Moscow Warns NATO, Ankara Rejects Surveillance request

As Ankara and Moscow continue to have issues over airspace violations and approval of flights, the Russian Foreign Ministry has called on the North Atlantic Treaty Organization (NATO) to refrain from interfering from what it considers to be a bilateral matter.

Director Andrei Kelin, head of the European Cooperation Department at the Russian Foreign Ministry, stressed in a press release that Russian aircrafts violating Turkish airspace, the latest allegation dating back to last week, is not part of the multilateral organization’s mission because “there is no concept of airspace within the alliance.”

His remarks came after NATO confirmed Turkey’s allegations of a Russian Sukhoi-34 illegally entering its airspace before asking Moscow to stop violating NATO’s airspace. Russia denied the allegations and Kelin said “the issue must be resolved between the two countries; between Moscow and Ankara.”

On Thursday, Turkey’s Foreign Ministry spokesman Tanju Bilgicha explained that Ankara on Wednesday cancelled the approval of a Russian surveillance flight that was already in the country because they could not reach an agreement on the flight route. The surveillance was to be held under the Open Skies Treaty to develop transparency, monitor the fulfillment of armament control agreements, and expand capabilities to prevent crises within the framework of the Organization for Security and Cooperation in Europe (OSCE) and other international organizations.

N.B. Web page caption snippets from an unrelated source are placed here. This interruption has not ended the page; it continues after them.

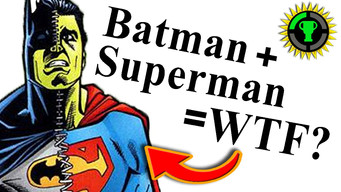 Batman + Superman + COW = ???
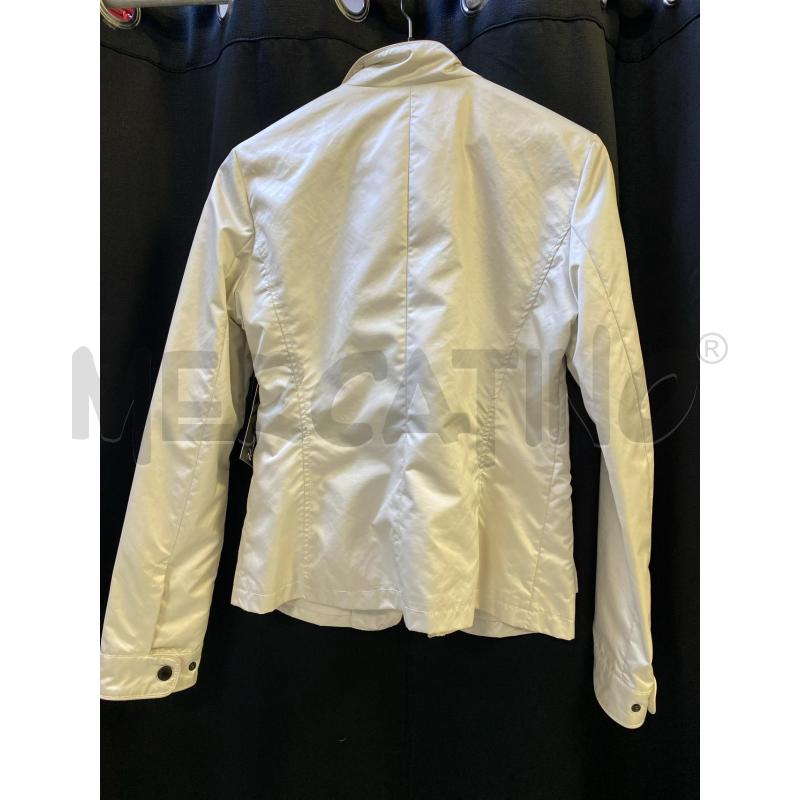 GIUBBINO DONNA LEGGERO BLAUER BIANCO  | Mercatino dell'Usato Ciampino 4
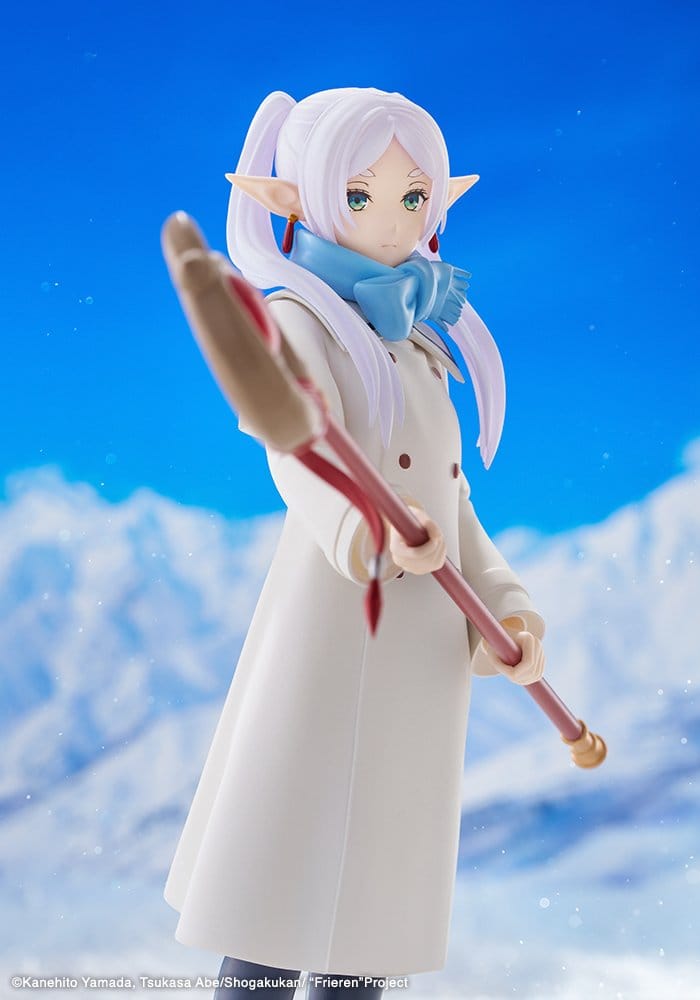 Frieren: Beyond Journey's End - Frieren - Oshi Works Figur (Kotobukiya)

The route according to Sergey Ryzhkov, chief of the Russian Defense Ministry’s department for control of the implementation of treaties included “the observation of areas adjacent to the Syrian border and airfields where NATO aircraft are concentrated.”

Ties between the two countries continue to be tense and it is unclear if Ankara would approve the request if modified even though Russia has not revealed such plans.